GORIS, Armenia (Reuters) - After the village was bombed so hard there was no way to bury the truckloads of dead, he fled with his family and stuffed whatever possessions could be salvaged into two vans.

Petya Grigoryan is one of the first ethnic Armenians of Nagorno-Karabakh to make it to Armenia after a lightning 24-hour Azerbaijani military operation defeated the Karabakh Armenian forces.

The ethnic Armenians of Karabakh, internationally recognised as part of Azerbaijan, say they will not live as part of Azerbaijan and that almost all of the 120,000 Armenians there will leave for Armenia.

So far several hundred have reached Armenia.

Grigoryan, a 69-year-old driver, said his Kochoghot village in what the Armenians know as the Martakert district of Karabakh was pummelled by Azerbaijan armed forces. There were two KAMAZ-truckloads full of civilian dead in the village, he said.

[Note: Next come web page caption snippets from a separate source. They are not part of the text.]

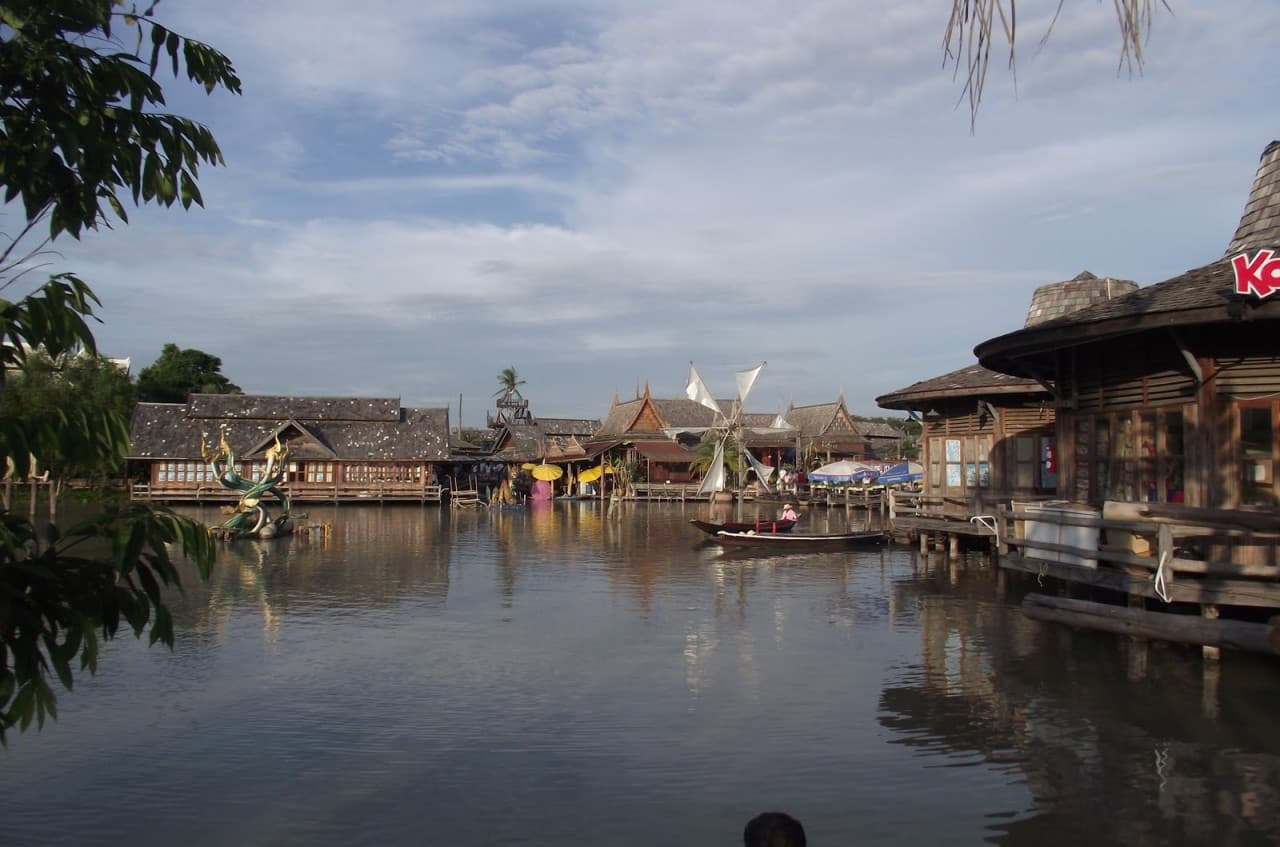Pattaya Floating Market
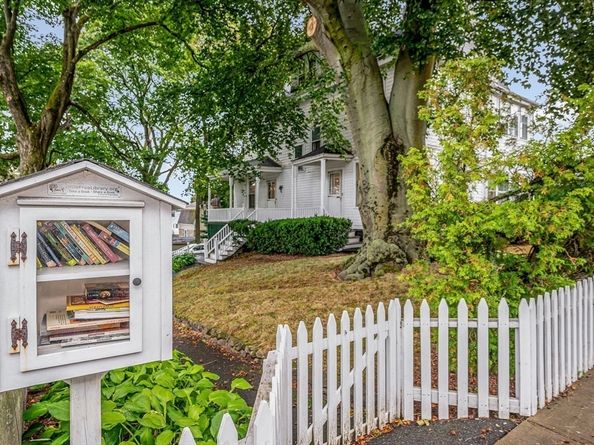 82 Lincoln Ave, Saugus MA 01906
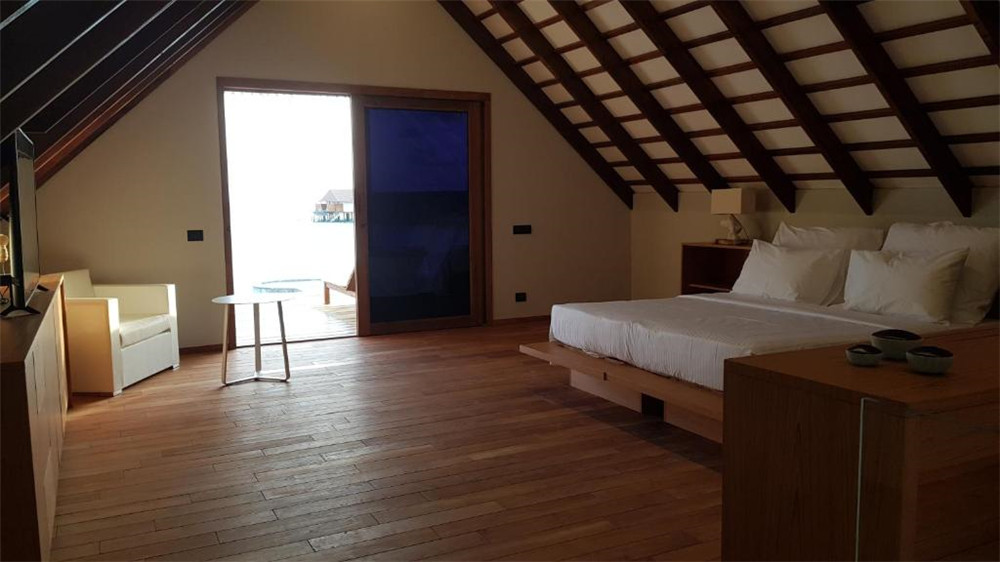 房型内部设施图片参考，如无边泳池与电视及音响， Superior Beach Lofts-高级海滩阁楼 maldievs(薇莉富士岛|希拉蒙 Cinnamon Velifushi Maldives) 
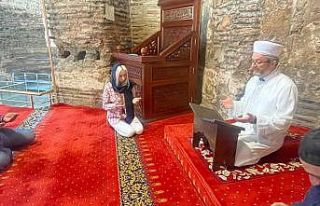 Ezan sesinden etkilenen Ukraynalı kadın Müslüman...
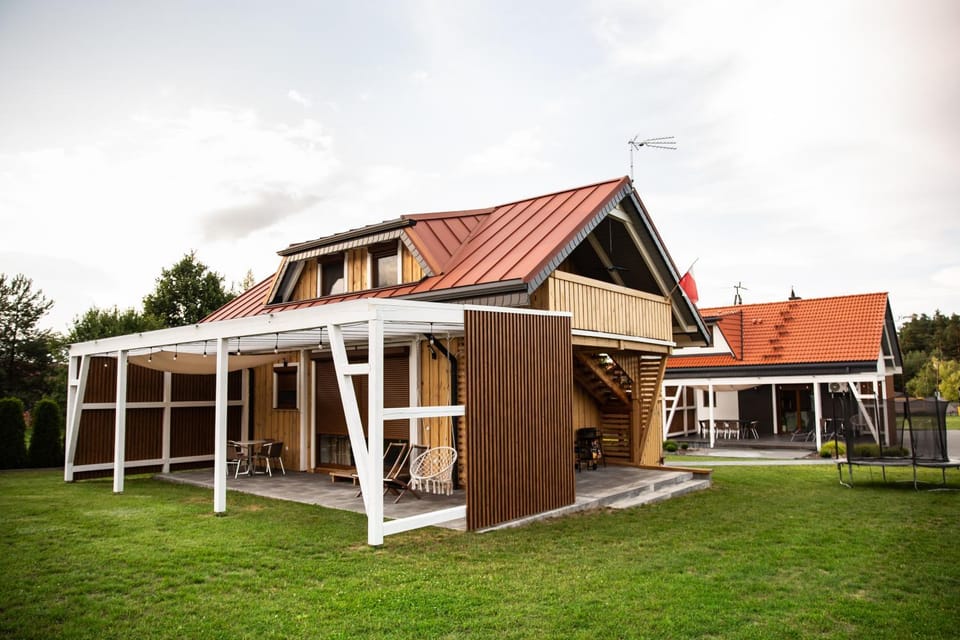 Property building, Day, Garden, Garden view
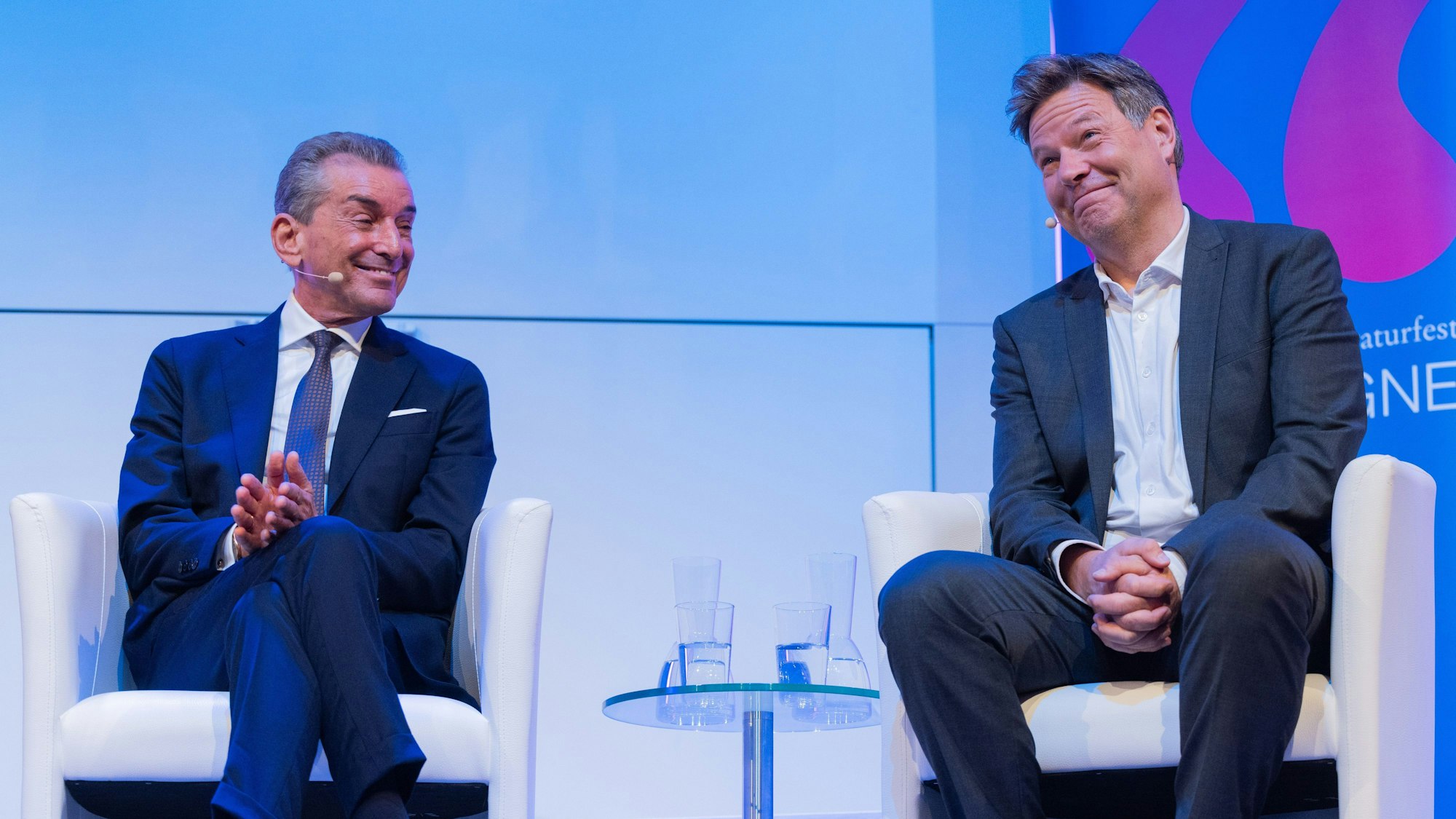 Michel Friedman (l) und Bundeswirtschaftsminister Robert Habeck (Bündnis 90/Die Grünen) beim Auftakt des Literaturfestival Lit.Cologne.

"There was nowhere to bury them," Grigoryan told Reuters after making his way down the Lachin corridor and across the border into Armenia, where Reuters interviewed him and other refugees in the border town of Goris.

"We took what we could and left. We don’t know where we’re going. We have nowhere to go," he said.

Of the 500 villagers, he said 40 had got out.

Reuters was unable to independently verify his account but it chimed with the outline given by other ethnic Armenians fleeing Karabakh, which Azerbaijan says will be turned into a "paradise" and fully integrated.

Azerbaijan said it launched the operation against Karabakh forces after attacks on its own citizens. President Ilham Aliyev said his army had only targeted Karabakh fighters and that civilians had been protected.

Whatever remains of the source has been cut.